The business carries a negative LTM net debt balance of $366.00 million, resulting in an exceptional net debt-to-EBITDA leverage multiple of-2.79x, based on an optimized 228.80 million-share base.
This cash reserve enables management to comfortably weather housing volume contractions. At the current price, the equity markets trade Zillow at a highly compressed NTM enterprise value-to-EBITDA multiple of 9.78x and a competitive NTM price-to-free cash flow multiple of 12.86x.
This valuation layout demonstrates that public-market equity pricing heavily discounts Zillow’s multi-segment monopoly positioning, valuing the enterprise as a cyclical broker rather than a high-margin transaction utility.
Unlocking Value: What the TIKR Forecast Breakdown Implies
Shifting focus to multi-year performance targets, the forward valuation architecture establishes an exceptional distribution of performance probabilities for long-term compounders.

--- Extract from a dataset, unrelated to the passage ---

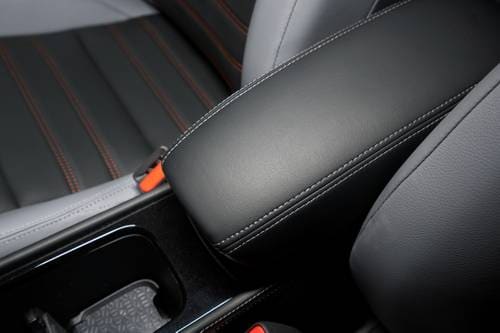 Nissan Kicks SR 4dr Hatchback Interior Detail
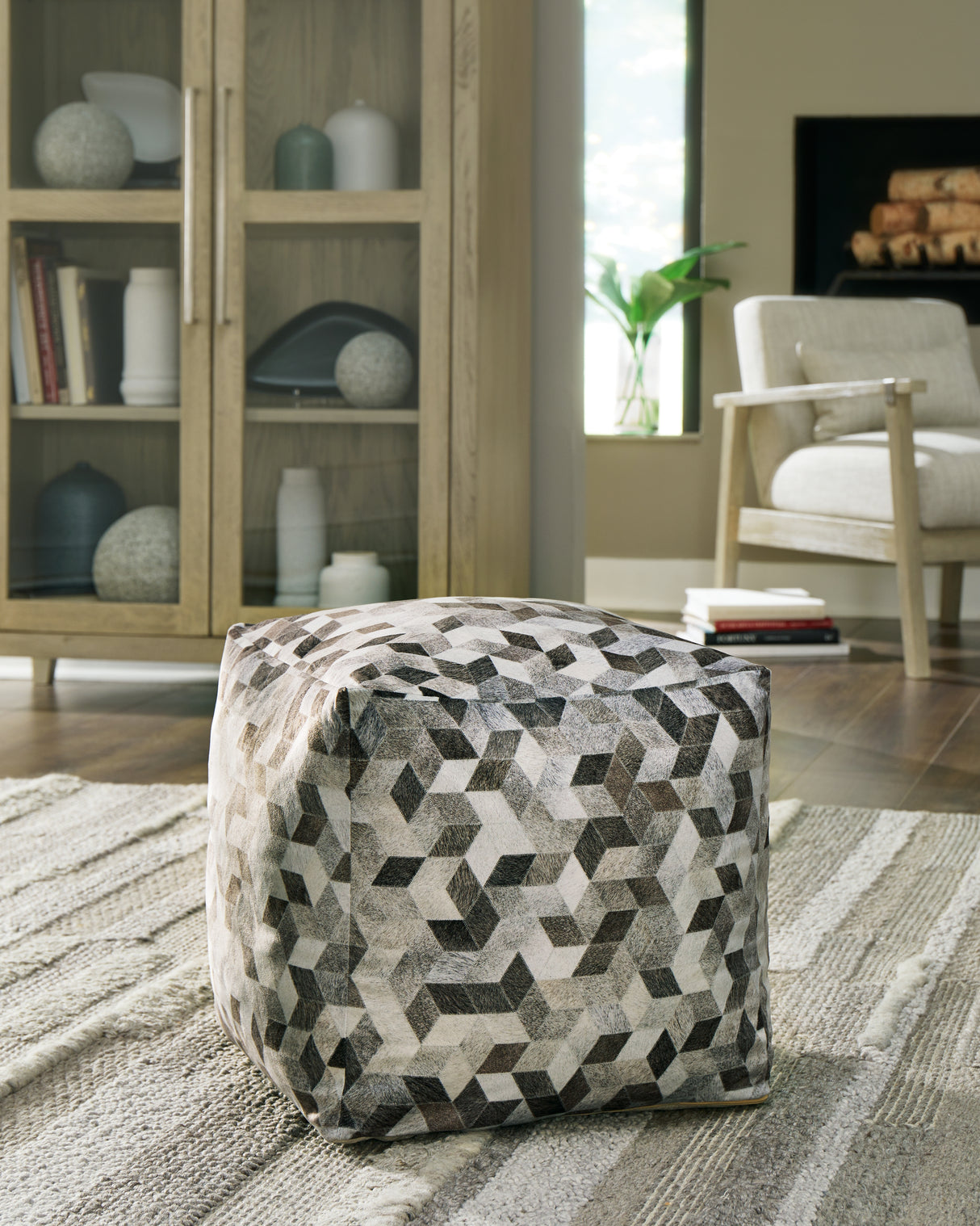 Furniture City Biloxi - Ashley Furniture - Albermarle Pouf - Pouf / Gray/Brown - A1000983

Reviewing the historical 5-year revenue contraction of negative 5.0% isolates the legacy drag of their discontinued property inventory operations.
Under the forward mid-case forecasting parameters, organic revenue growth is modeled to settle at a normalized compound annual rate of 13.5% over the coming decade, with terminal net income margins expanding to a robust 16.4%.

These baseline parameters translate into highly visible asset targets. The model illustrates that even if revenue expansion slows to a conservative low-case scenario of 12.1% through 2034, the software cash machine establishes a reliable $71.38 stock price floor.
By protecting structural operating results from housing supply shocks, the forecasting framework projects a mid-case terminal stock price target of $96.52 by late 2034, delivering an aggregate 166.6% cumulative return.
Is ZG Worth Buying at Today’s Levels?
At the current price of $36.21, the TIKR forward valuation model establishes a high-conviction, asymmetric entry point for technology allocators. Under the mid-case forecasting track, achieving a fair value target price of $65.76 by December 2030 yields a strong 13.8% annualized internal rate of return over the next 4.6 years, progressing smoothly toward a long-term 10-year annualized return of 12.1% by late 2034. This trajectory is driven by an expected 15.0% compound annual growth rate for EPS.
Importantly, the conservative low-case settings reveal immense structural safety, projecting an 8.2% annualized return even if multiple expansion remains completely absent over the forward horizon.
This limited return variance illustrates a massive cash-backed margin of safety, trading near the absolute floor of its 52-week range of $35.11 to $90.22, while offering a steep discount to the consensus Street price target of $64.78. For disciplined allocators looking to capture the definitive housing super app at a deep discount, initiating a core position at today’s price is an outstanding strategic move.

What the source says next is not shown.